Even if an eviction case is dismissed by a judge or through mediation, Schamens said having the case on a tenant's legal record is a serious deterrent for future landlords. She said her group's attorneys have also been helping clients ask for these cases to be sealed to protect a person's ability to continue renting.
Schamens said the eviction defense program in La Crosse is modeled after similar programs in Milwaukee and Madison that have been successful in keeping people housed.
Legal Action of Wisconsin's Eviction Defense Project in Milwaukee was recognized last year by a national nonprofit as a model for the country. A survey by the University of Wisconsin-Milwaukee found that 90 percent of the project's clients had their eviction cases dismissed.

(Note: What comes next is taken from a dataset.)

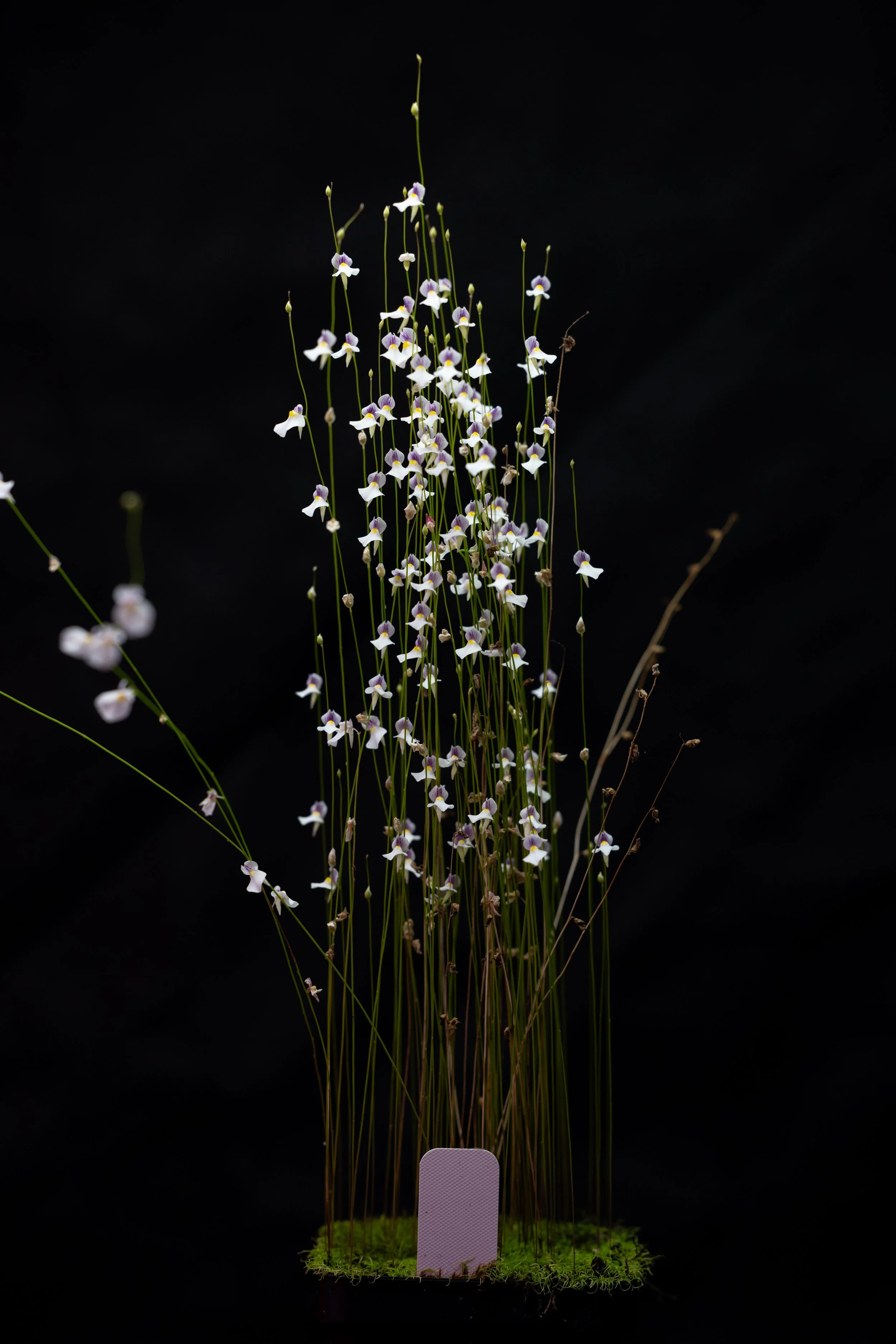 Utricularia blanchetii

"This pilot program is going to see how these bigger programs can work in a smaller city and still be incredibly beneficial to those in both the City of La Crosse and the county," Schamens said.

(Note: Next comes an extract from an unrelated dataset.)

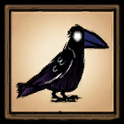 Crow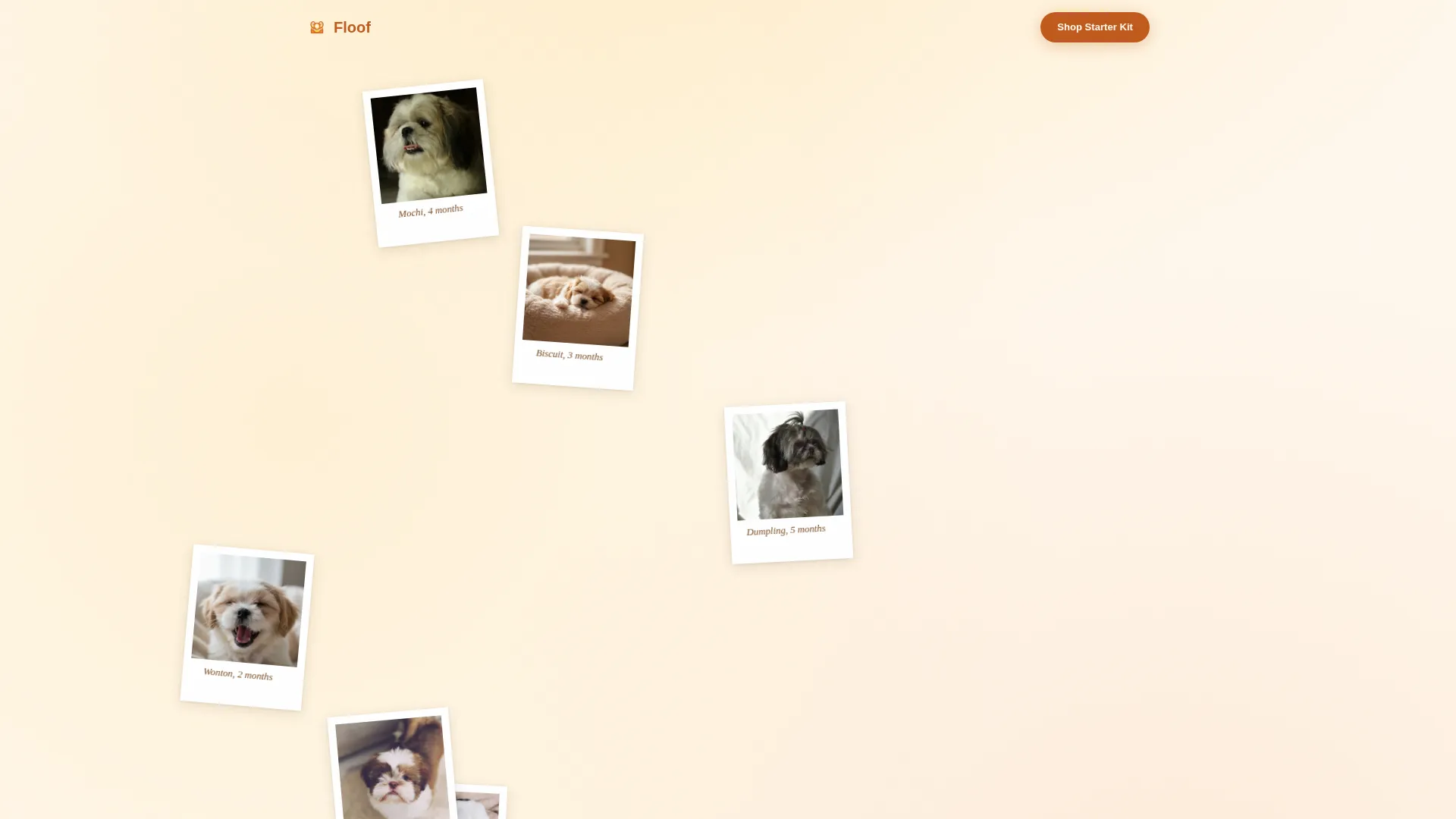 Artisan Shih Tzu Puppy Supplies Landing Page Template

Brown said La Crosse is not alone in seeing an increase in evictions in recent years and many communities across the state are struggling with a lack of affordable and safe housing options. She said addressing that problem is the only way to stop the flood of evictions in La Crosse and other cities.
"We need a bridge to get to that point, as more housing units are being brought into the market," Brown said. "Hopefully, through programs like this, and through other efforts in the community, we can get to the point where we don't need as many eviction prevention solutions."